16 Aprile 2017
Sul tema dell’energia in Europa c’è ancora poca consapevolezza: siamo un continente importante, che però ha il serbatoio quasi vuoto. Importiamo il 50% della benzina e del diesel e il 70% del gas, percentuale che andrà a salire velocemente, e, allo stesso tempo, non stiamo mettendo in comunicazione l’energia che già avremmo a disposizione. Ho avuto occasione di confrontarmi su questo tema un paio di settimane fa a Vicenza al Festival Città Impresa, in un incontro sugli attuali equilibri geopolitici mondiali, in relazione al settore in cui opera Eni.
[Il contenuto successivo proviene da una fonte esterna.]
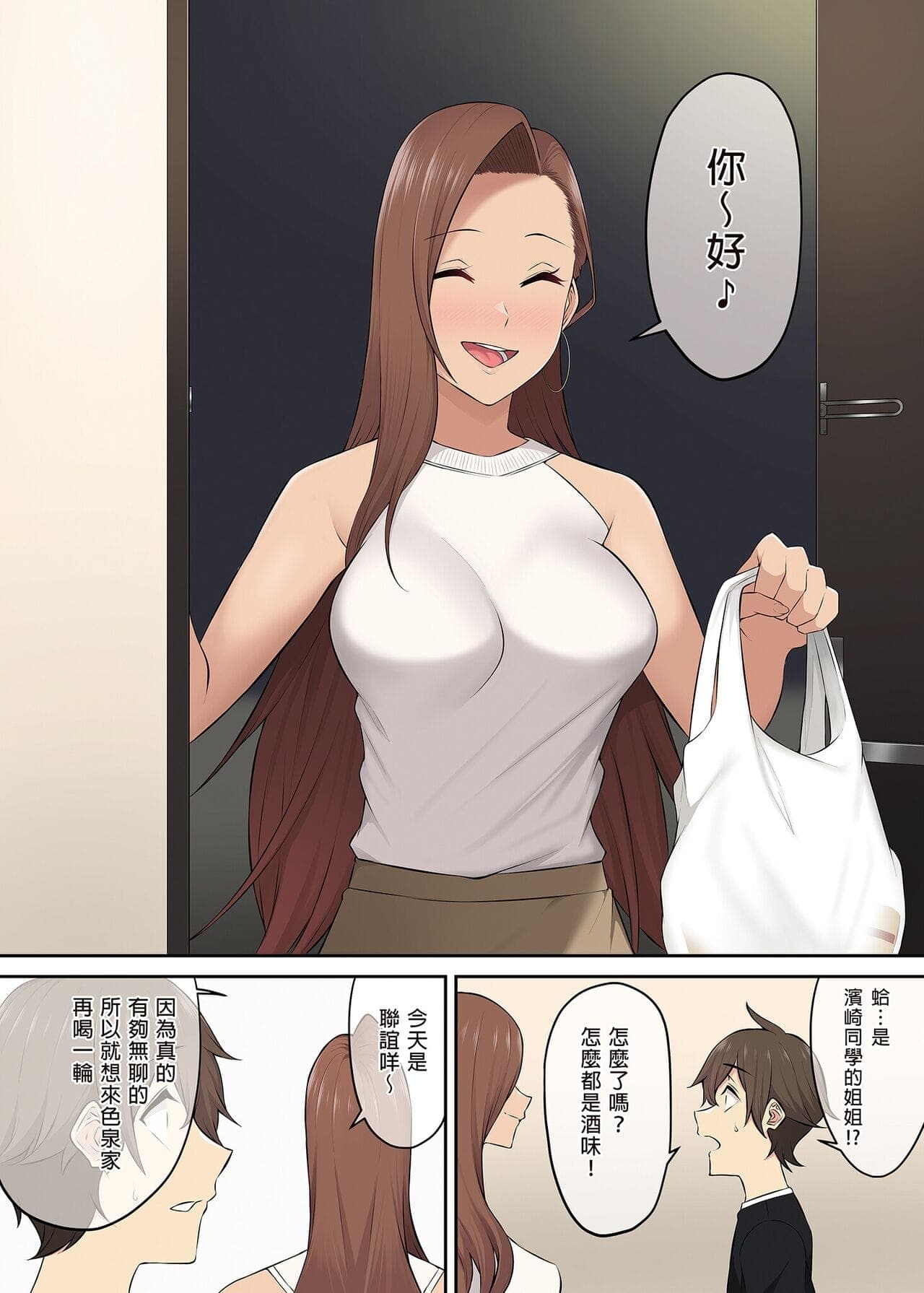 post?.name || ""
                }-249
Si parla tanto dell’ipotesi di dazi degli Usa verso le merci europee e sanzioni alla Russia, due Paesi che dispongono delle risorse necessarie per potersi chiudere nell’autosufficienza commerciale e industriale; ma la vera domanda dovrebbe essere: noi europei come ci stiamo muovendo sul fronte energetico? Esportiamo qualità e tecnologia, è vero, ma se guardiamo ai costi spendiamo sempre di più per approvvigionarci. L’impressione è che si sia diffusa un’idea sbagliata: che l’energia possa generarsi da sola. La realtà, invece, è che, non producendone internamente, ci viene a costare molto, perché dobbiamo importarla.
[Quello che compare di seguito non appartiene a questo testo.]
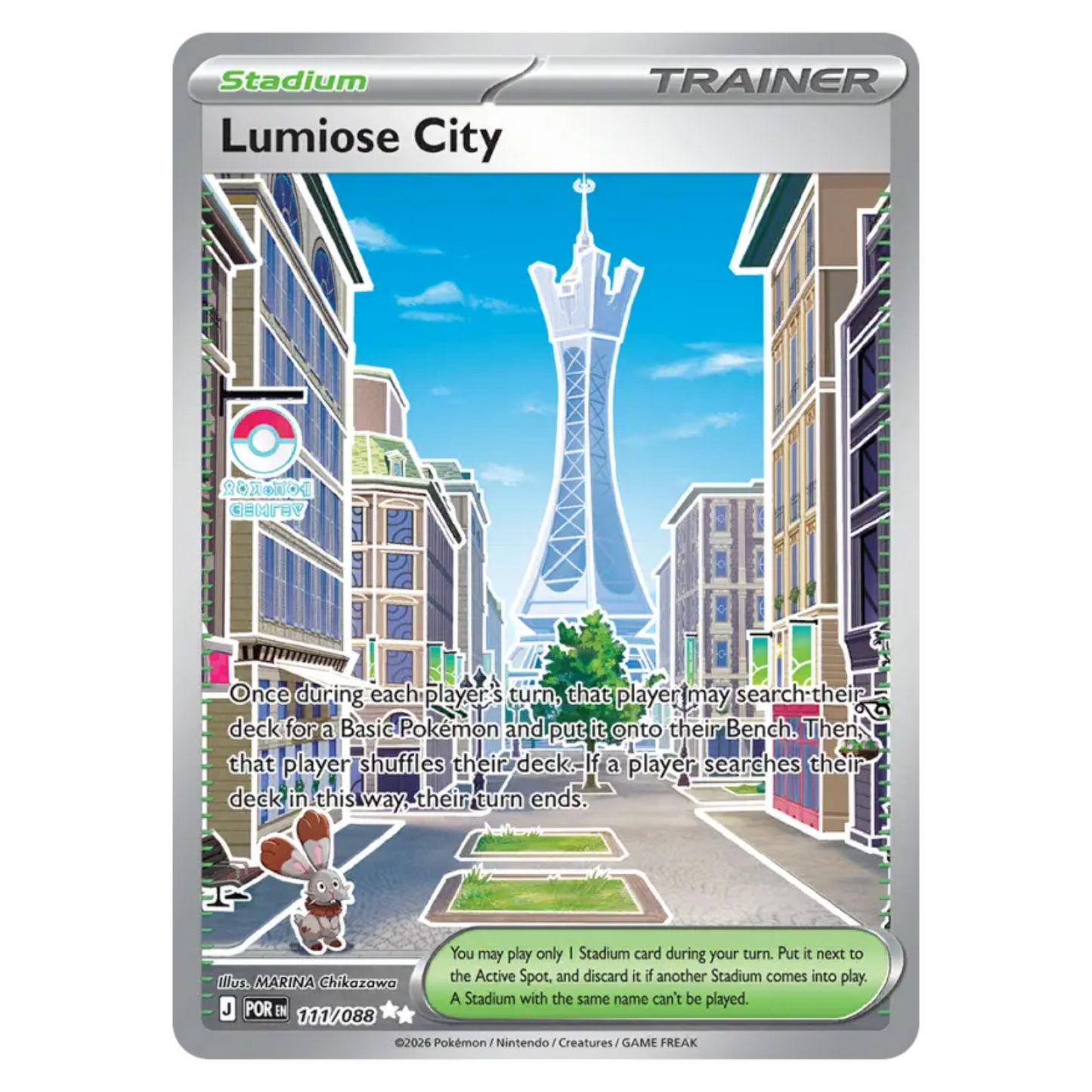 Lumiose City 111/88 Ultra Rare — Perfect Order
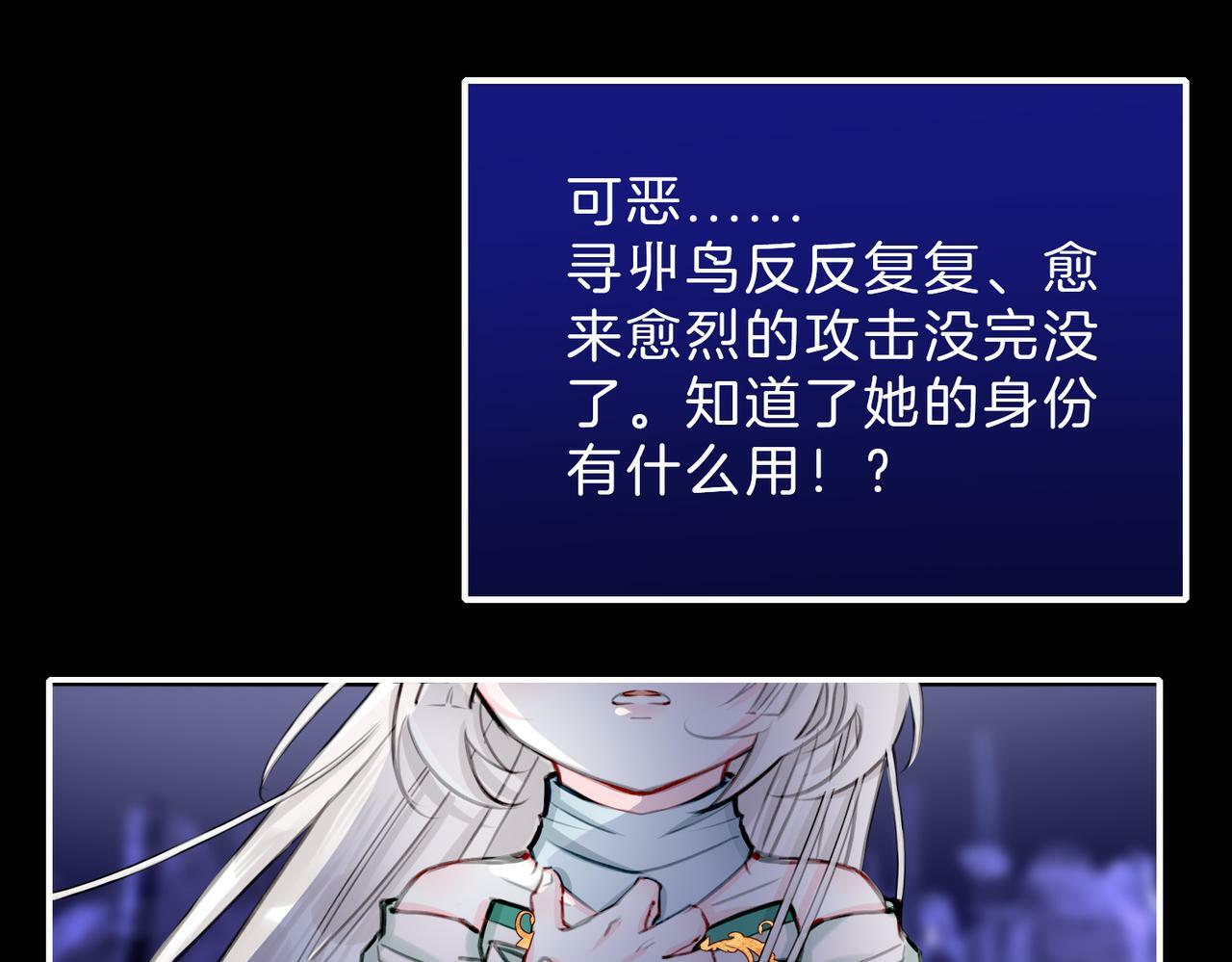 15 她是谁47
Nessun Paese europeo è autosufficiente da questo punto di vista. L’Unione Europea dovrebbe avviare una sua politica comune energetica e lavorare per creare una sorta di ponte verso l’est del Mediterraneo. Egitto, Israele e Cipro, e più in generale il continente africano: area in cui si sta creando un grande hub energetico che ha come target proprio il nostro continente. Sono già stati trovati 3.500 miliardi di metri cubi di gas, ma si può facilmente pensare di passare a quasi 9 mila miliardi di metri cubi. Obiettivo condiviso deve essere evitare di ripetere gli errori del passato, in primis quello di dipendere da un fornitore unico. Ci sono diverse alternative energetiche che chiedono solo di essere sviluppate e nuovi equilibri da sostenere. Scenario in cui l’Italia potrebbe giocare un ruolo da protagonista.